→ WHAT THE EXERCISE ASKS
All lines below between the line with "DESEAS *FELIZ NAVIDAD* (Anverso)" and the line with "Blush Gold Greenery Dusty Pink Floral RSVP", including both, must be copied exactly, and the pictures must be omitted.

→ STUDY MATERIAL
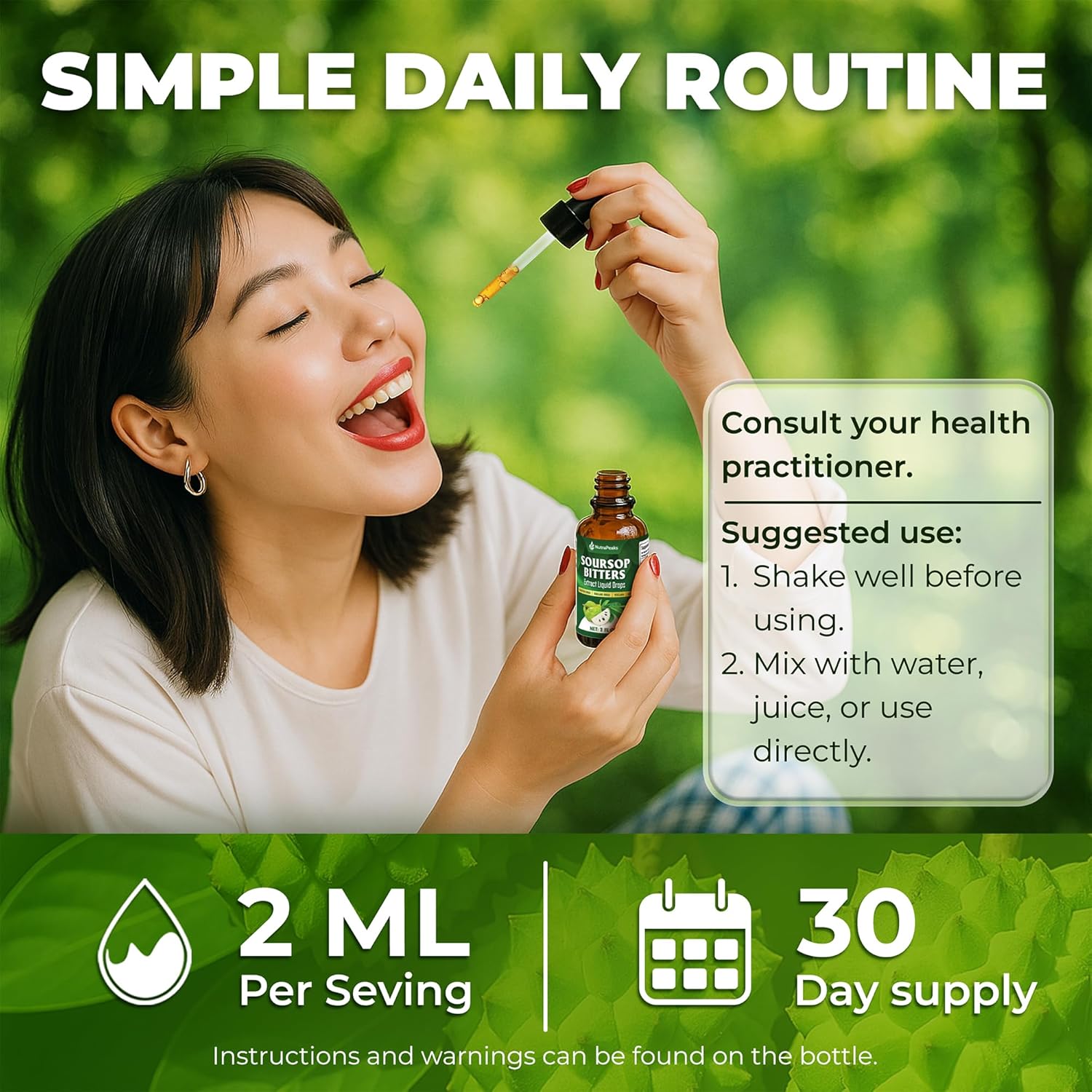 Soursop Bitters Liquid Drops – Premium Herbal Blend with Soursop Leaves, Black Seed, Moringa, Ashwagandha, Senna, Goat Weed & Ginger, 2 fl oz | Natural Botanical Blend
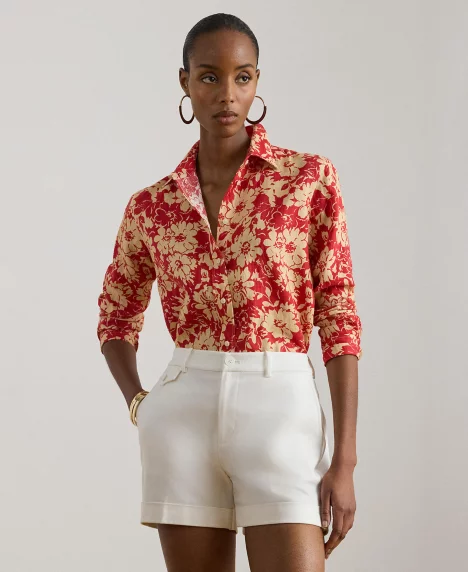 Petite Relaxed Fit Floral Linen Shirt - Red/Tan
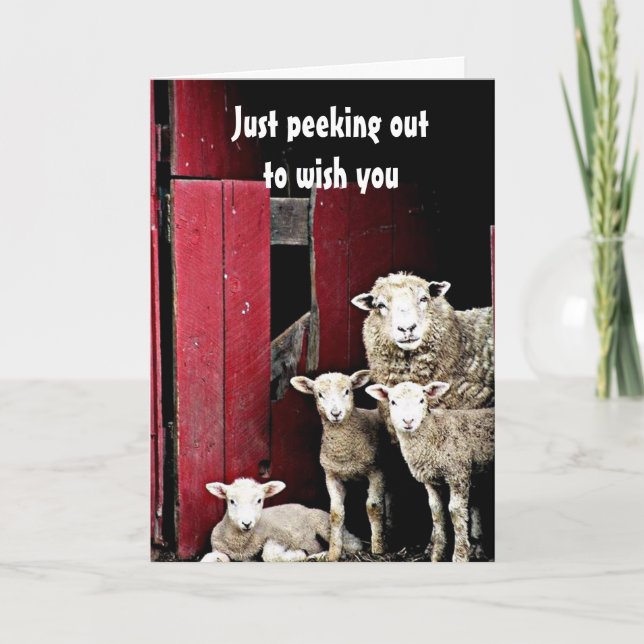 TARJETA "GRUPO DE OVEJAS" DESEAS *FELIZ NAVIDAD* (Anverso)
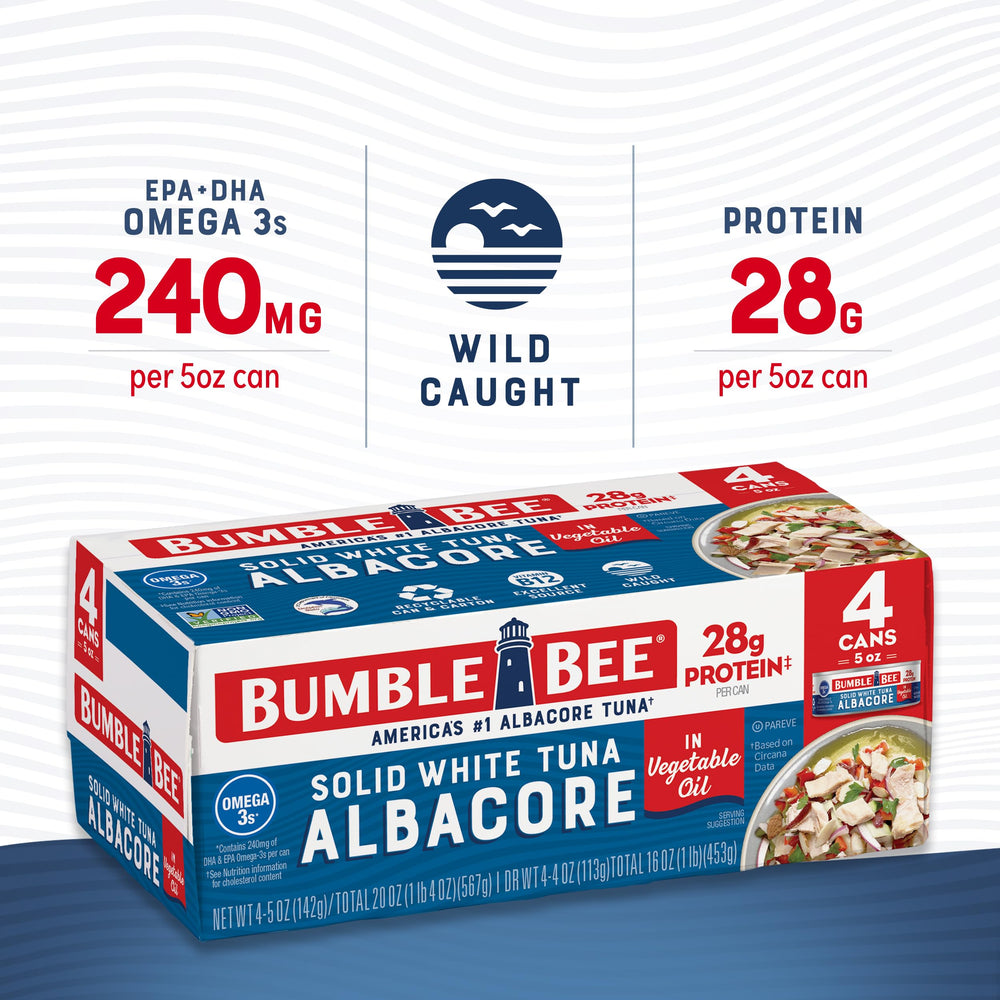 Bumble Bee albacore in oil stays flaky for casseroles, pasta, or tacos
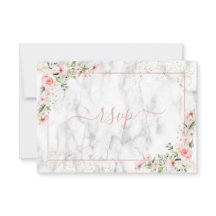 Blush Gold Greenery Dusty Pink Floral RSVP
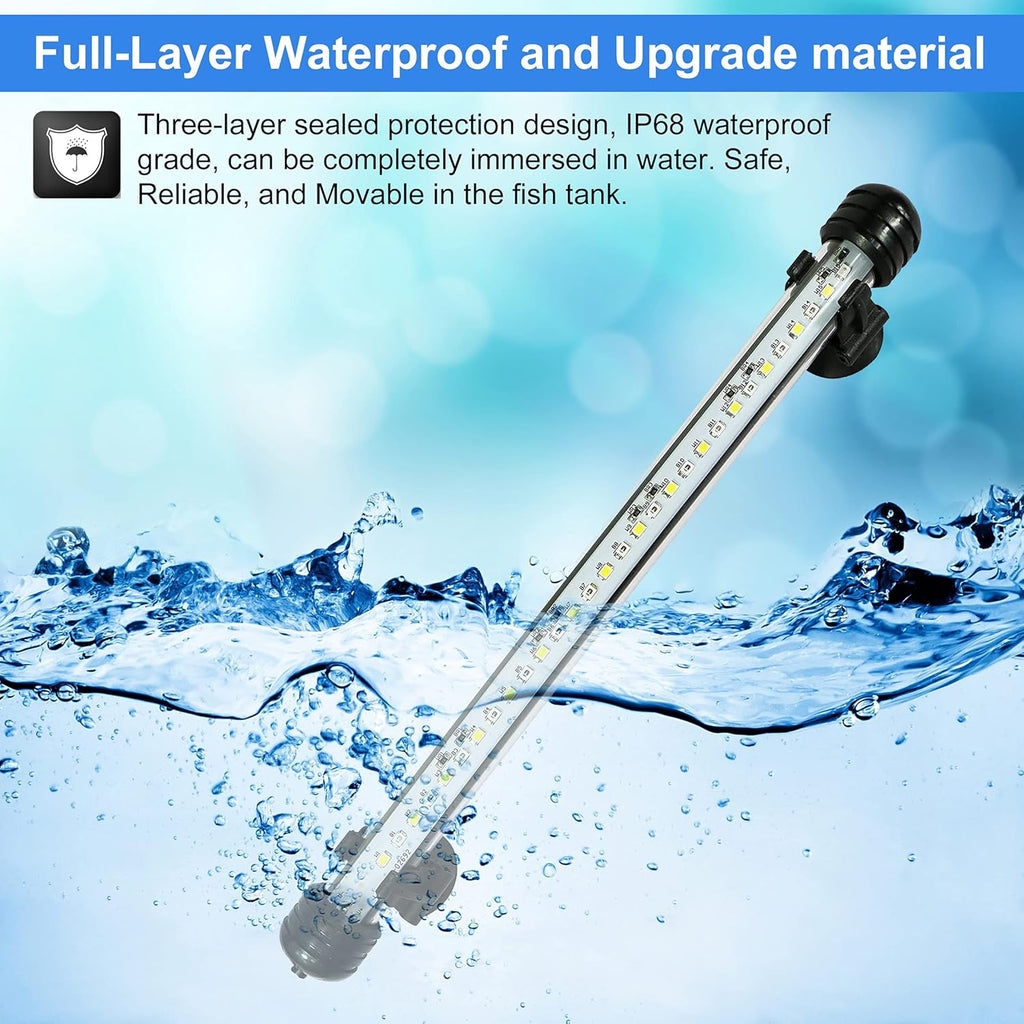 VARMHUS Submersible LED Aquarium Light,Fish Tank Light with Timer Auto On/Off Dimming Function,3 Light Modes Dimmable White-Blue,10 Brightness Levels Optional&3 Levels of timed Loop Function 11.5''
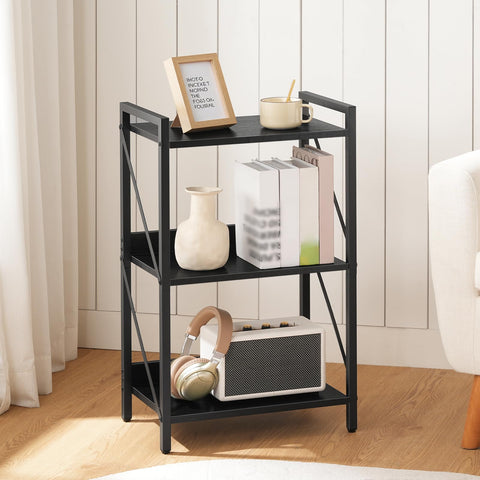 HOOBRO 3-tier bookcase adjustable feet improving stability on uneven floors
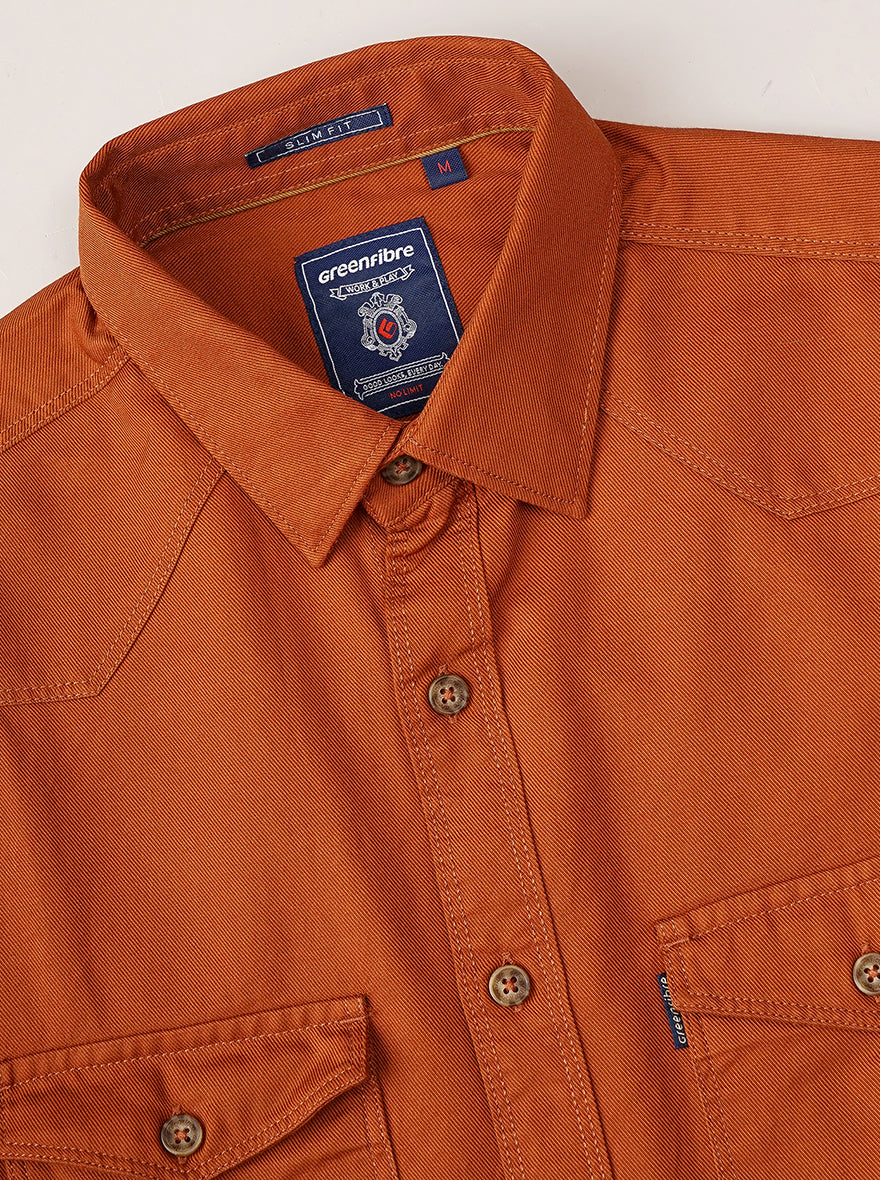 Rust Solid Slim Fit Casual Shirt | Greenfibre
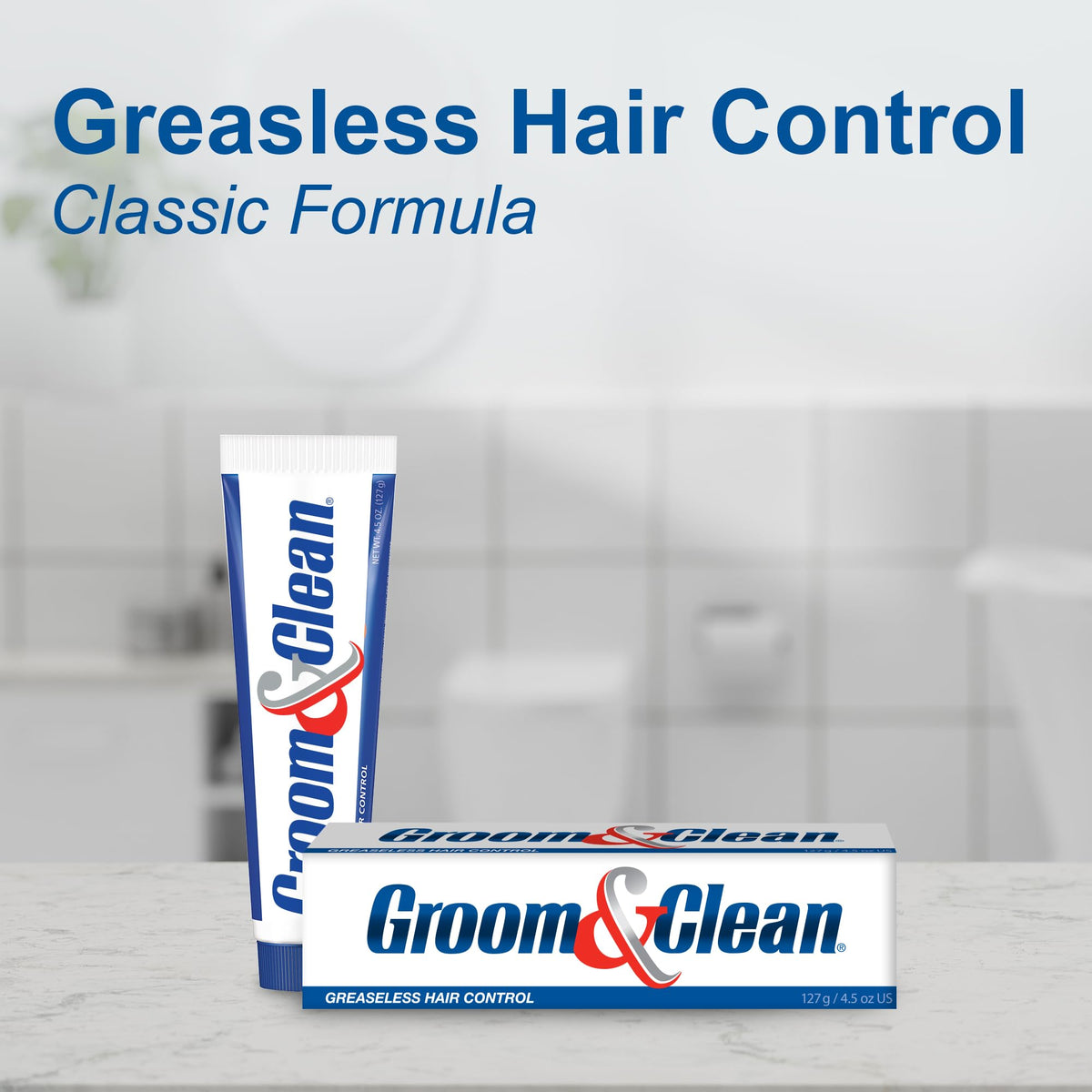 Groom & Clean on bathroom counter in lifestyle scene suggesting daily grooming routine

→ RESPONSE AREA
 TARJETA "GRUPO DE OVEJAS" DESEAS *FELIZ NAVIDAD* (Anverso)
 Bumble Bee albacore in oil stays flaky for casseroles, pasta, or tacos
 Blush Gold Greenery Dusty Pink Floral RSVP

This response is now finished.